(Web page caption snippets)
——————————
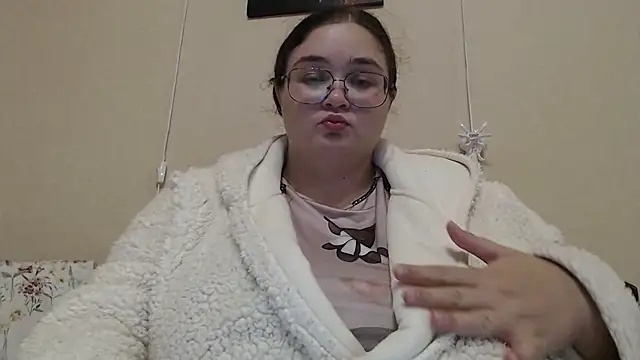 Snapshot of _mika_in_passion chatting on 09/28/25, 07:30 mika in passion online show from 09/28/25, 07:30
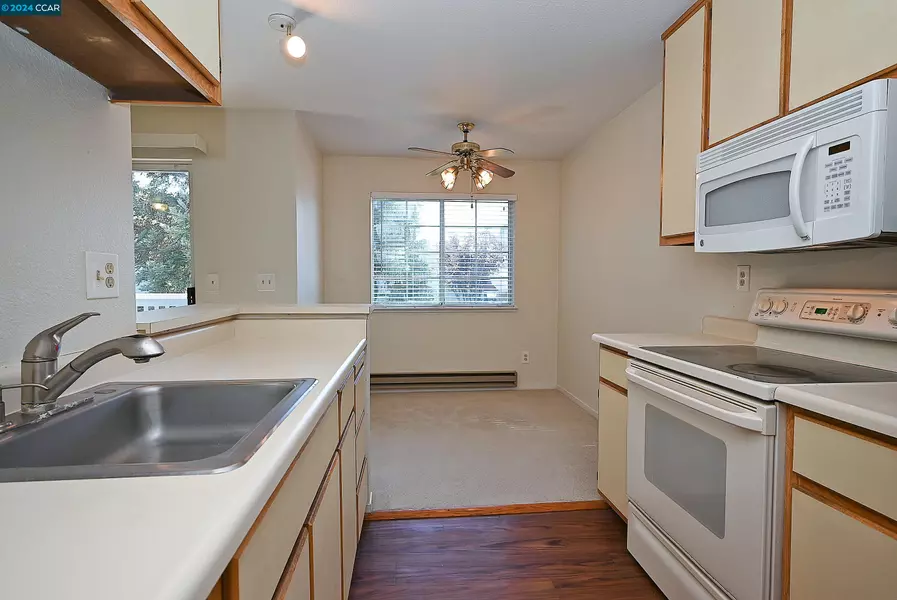 455 Lighthouse Dr, Vallejo, CA 94590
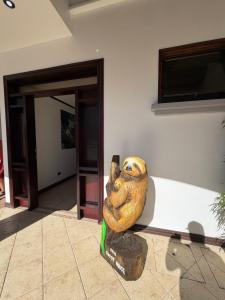 Zeus Guest house & Car Rental Free SJO Airport Shuttle-NATIONWIDE PRÍVATE SHUTTLE SERVICE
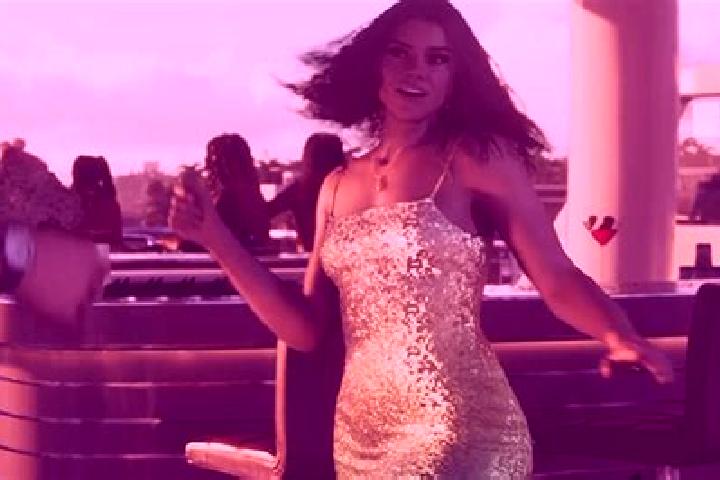 Kinsley, 29 — Escort in Luica, Romania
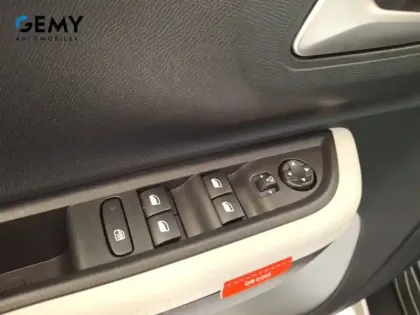 Photo 14 Citroën C3 Aircross  Hybride 145 e-DCS6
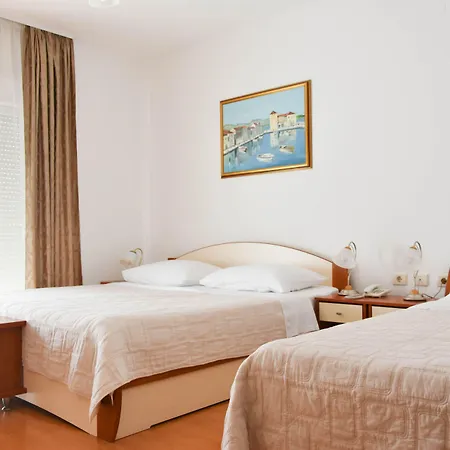 Adria Hotel Kaštela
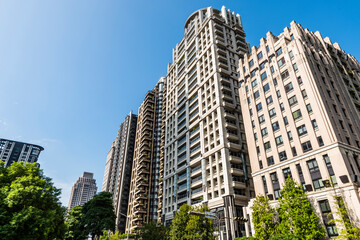 Obraz premium Low angle view of the modern architectural landscape in Taichung, Taiwan.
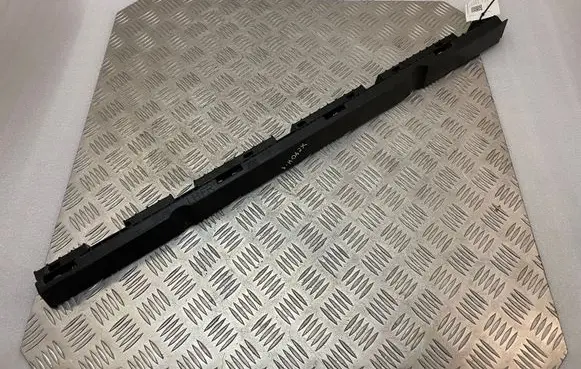 Volvo XC90 Sill supporting ledge 32216523 31378136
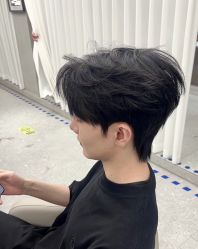 -一家只做男发烫染的店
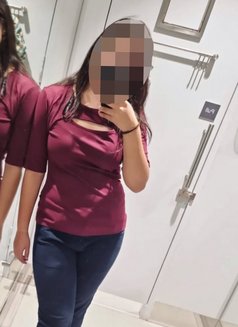 Divya (Web cam & Real meet) - puta in Hyderabad Photo 5 of 5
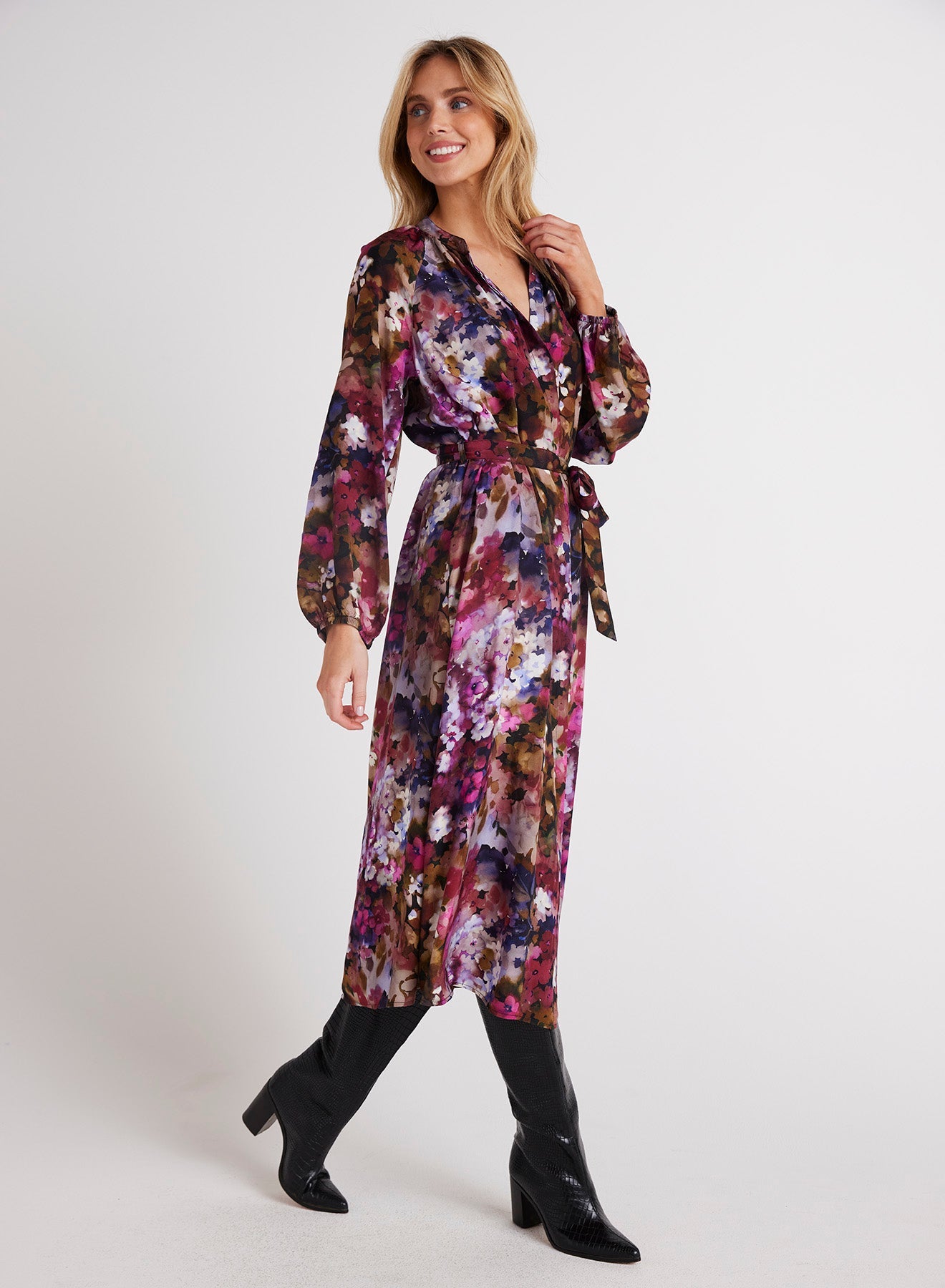 Bella DahlLong Sleeve Raglan Midi Dress - Twilight Fleur PrintDresses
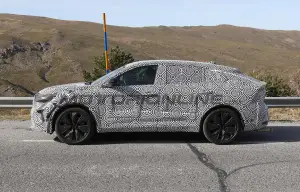 Renault Austral Coupe - Foto spia 04-05-2023 - 5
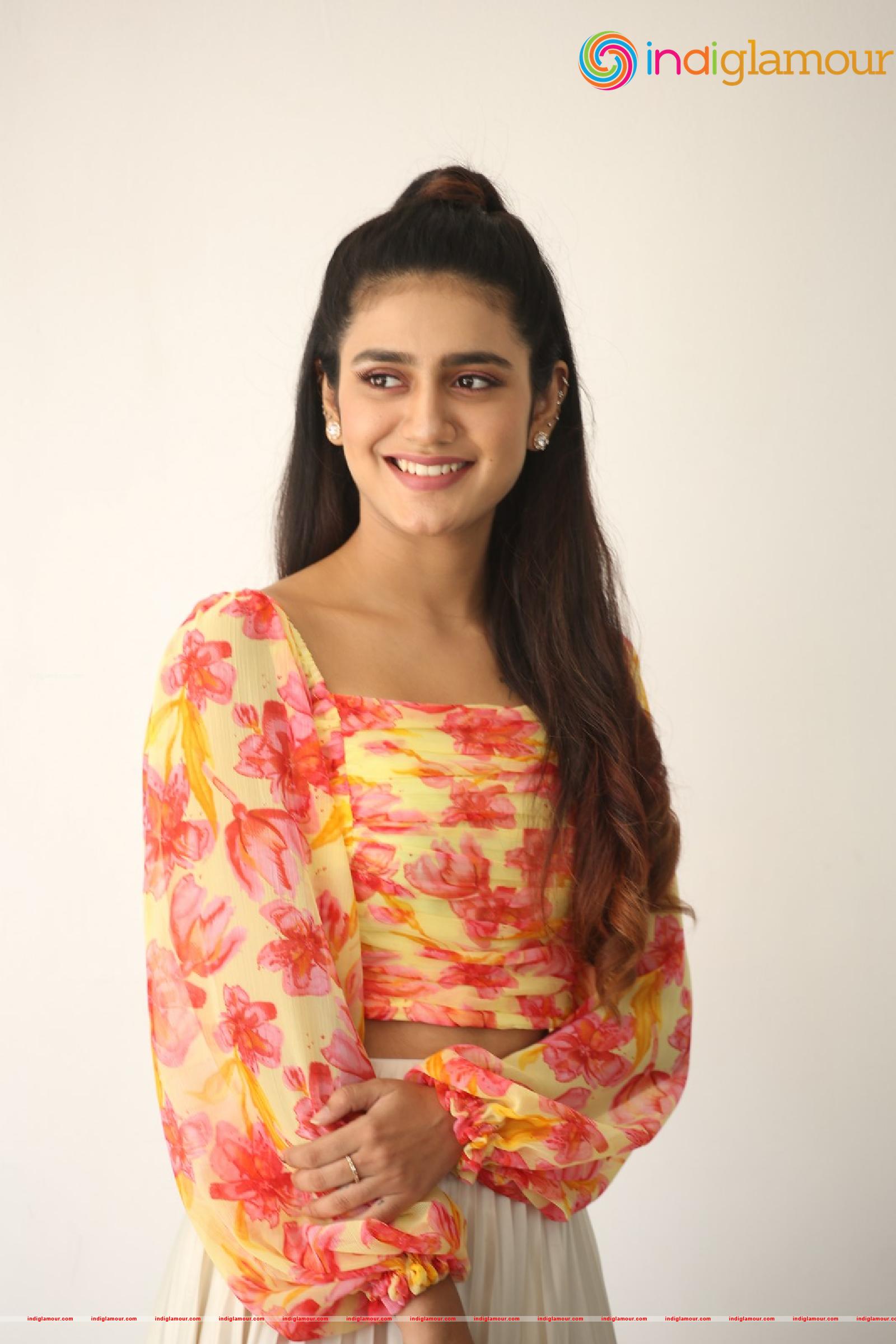Priya Prakash Varrier Actress hd photo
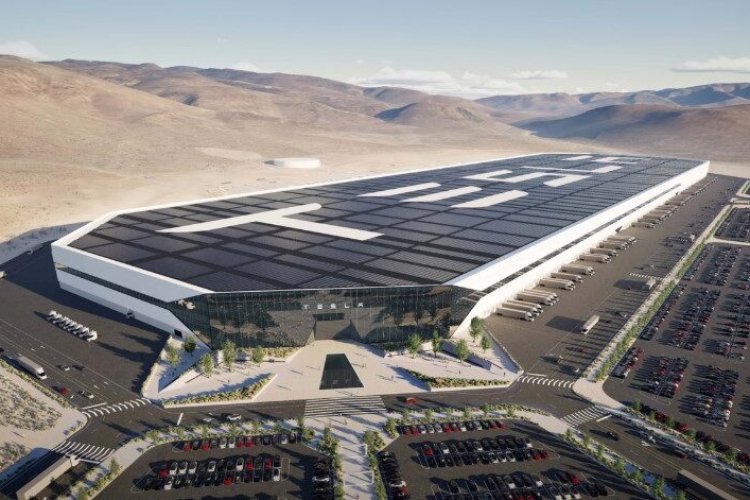 Elon Musk pausa planta de Tesla en Monterrey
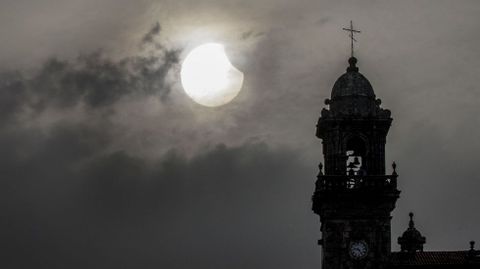 Una foto de archivo de un eclipse desde el campanario de la iglesia de Santo Domingo, en Betanzos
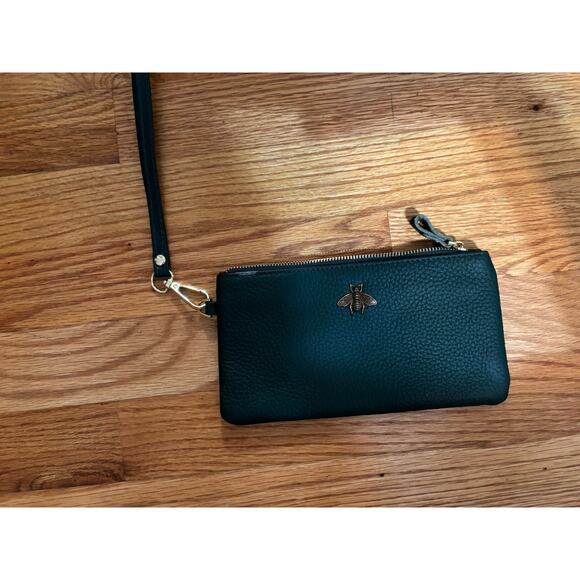 New Hunter Green Leather Zip Wristlet Wallet Bumble Bee on Front - Picture 2 of 8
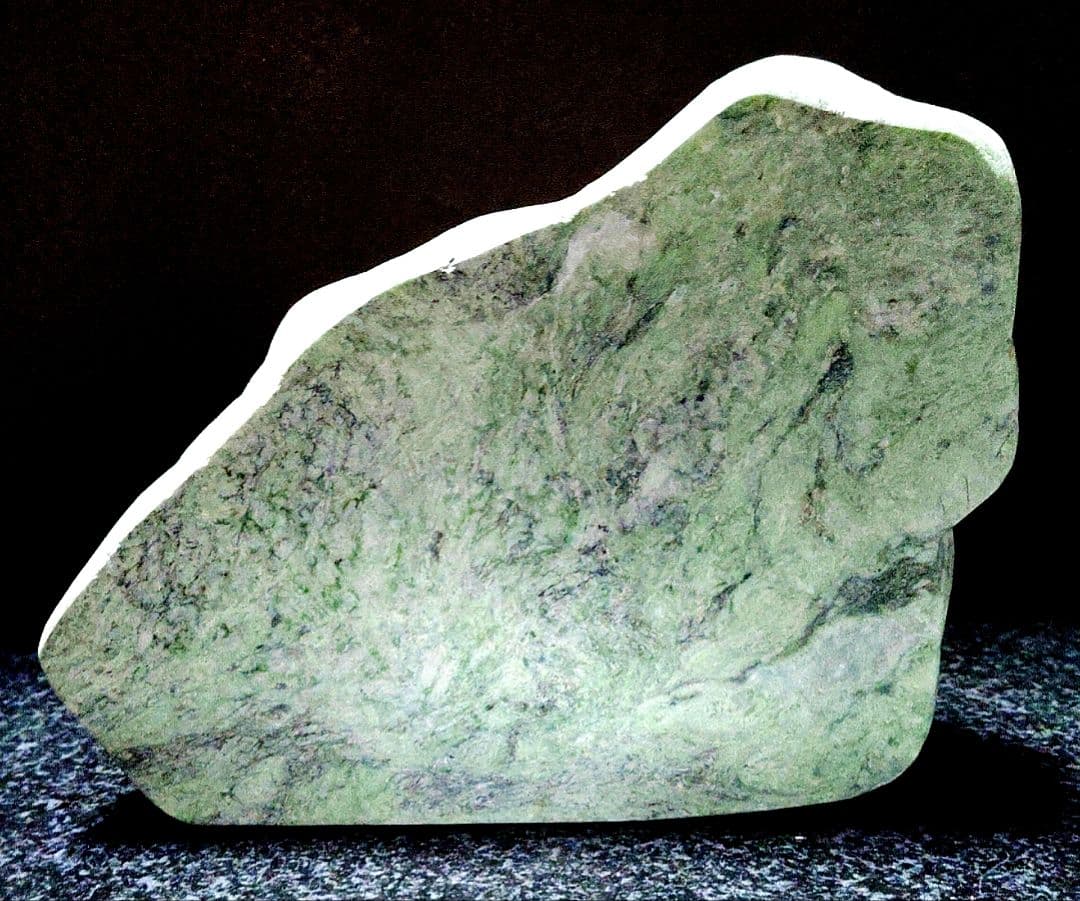 ★翡翠原石★糸魚川硬玉【小滝・川ズレ・カット1.5kg】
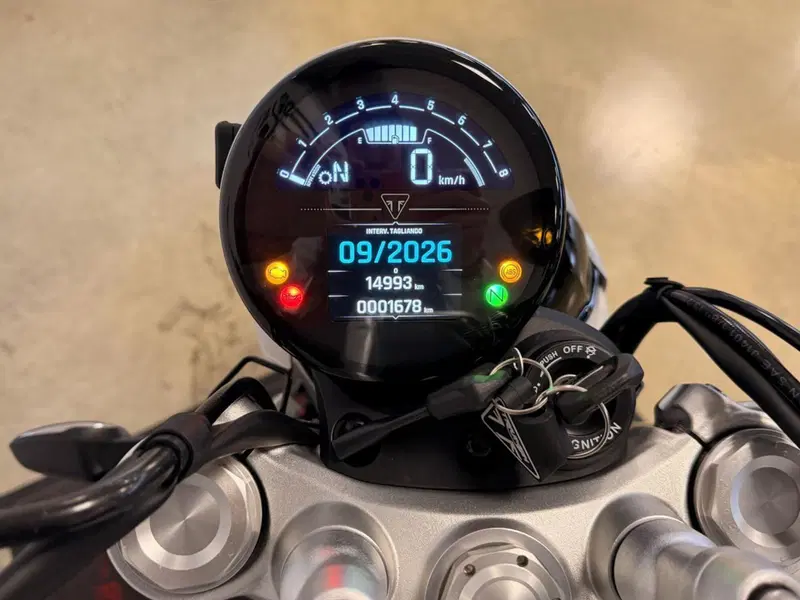 Triumph Speed Twin 1200 (2025 - 26) (13)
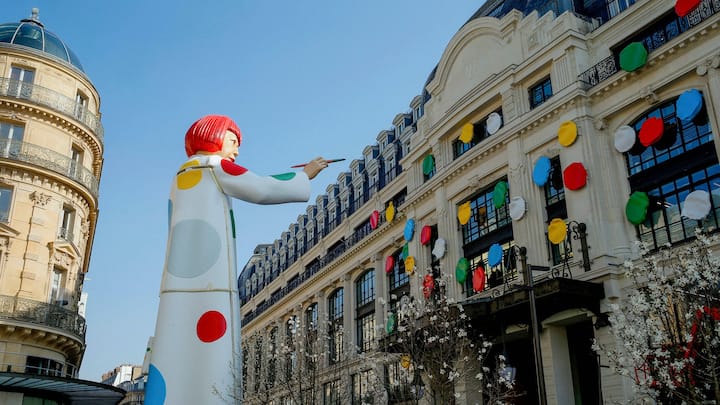Louis Vuitton x Yayoi Kusama - Paris A huge sculpture bearing the likeness of Yayoi Kusama stands between the Maison Louis Vuitton headquarters and La Samaritaine in Paris, France on March 3, 2023. An installation to mark the Vuitton x Kusama capsule collection. Photo by Marie-Paola BERTRAND-HILLION/ABACAPRESS.COM Paris France PUBLICATIONxNOTxINxFRAxSPAxUKxUSAxBELxPOL Copyright: xBertrand-HillionxMarie-Paola/ABACAx 846952_008 Bertrand-HillionxMarie-Paola/ABACAx 846952_008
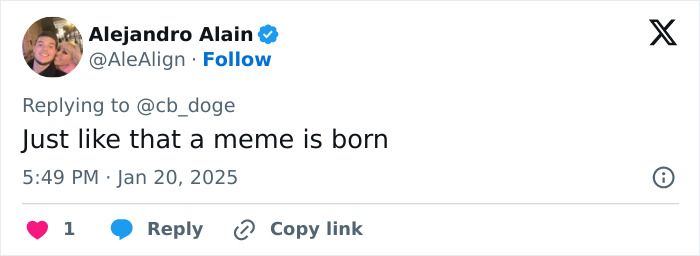 Tweet by Alejandro Alain mentioning a meme creation, with "Mars" and "Elon Musk" keywords. Tweet by Alejandro Alain mentioning a meme creation, with "Mars" and "Elon Musk" keywords.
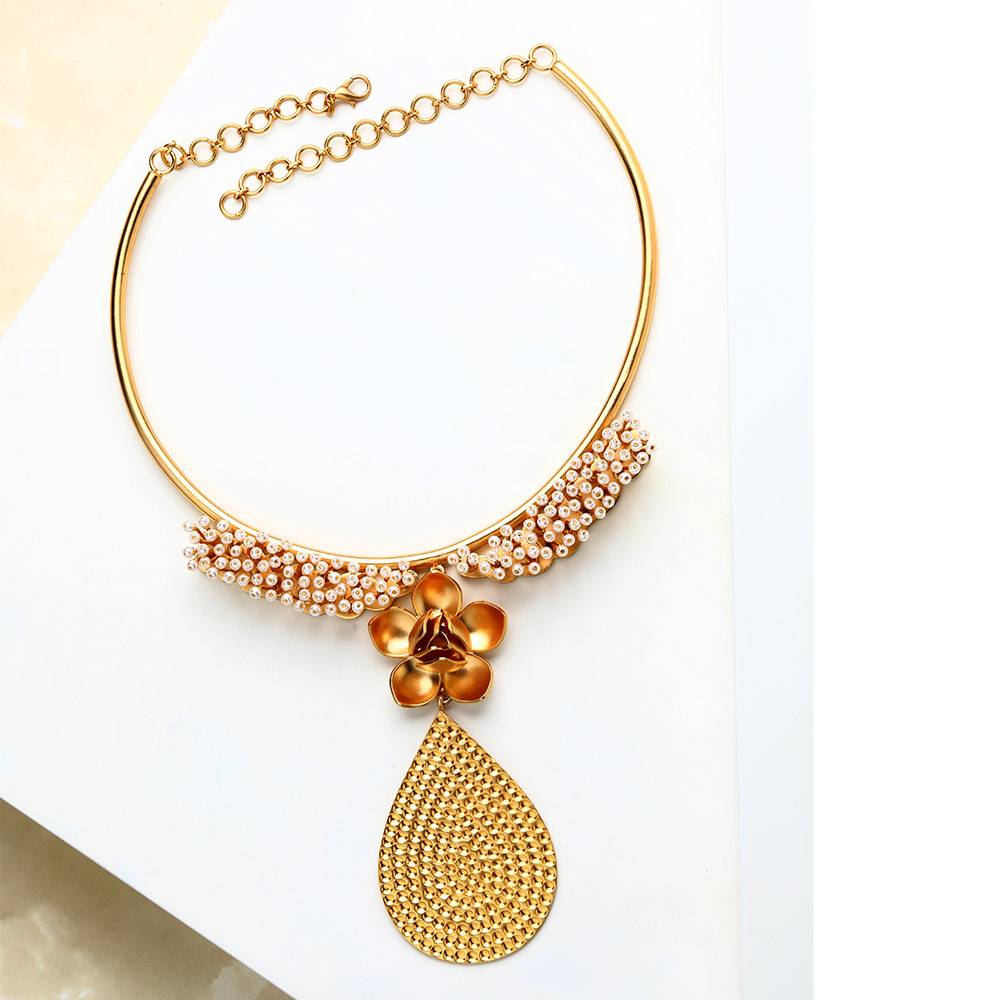 Gold Magnolia & Pearl Collar Necklace With Drop Pendant : H14098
——————————
## Task item
Lines wanted from the entries above: the one with "Divya (Web cam", the one with "Louis Vuitton x", and all lines between. Please copy them exactly, without the pictures and without anything else.

## Solution for this task
 Divya (Web cam & Real meet) - puta in Hyderabad Photo 5 of 5
 Bella DahlLong Sleeve Raglan Midi Dress - Twilight Fleur PrintDresses
 Renault Austral Coupe - Foto spia 04-05-2023 - 5
Priya Prakash Varrier Actress hd photo
 Elon Musk pausa planta de Tesla en Monterrey
 Una foto de archivo de un eclipse desde el campanario de la iglesia de Santo Domingo, en Betanzos
 New Hunter Green Leather Zip Wristlet Wallet Bumble Bee on Front - Picture 2 of 8
 ★翡翠原石★糸魚川硬玉【小滝・川ズレ・カット1.5kg】
 Triumph Speed Twin 1200 (2025 - 26) (13)
Louis Vuitton x Yayoi Kusama - Paris A huge sculpture bearing the likeness of Yayoi Kusama stands between the Maison Louis Vuitton headquarters and La Samaritaine in Paris, France on March 3, 2023. An installation to mark the Vuitton x Kusama capsule collection. Photo by Marie-Paola BERTRAND-HILLION/ABACAPRESS.COM Paris France PUBLICATIONxNOTxINxFRAxSPAxUKxUSAxBELxPOL Copyright: xBertrand-HillionxMarie-Paola/ABACAx 846952_008 Bertrand-HillionxMarie-Paola/ABACAx 846952_008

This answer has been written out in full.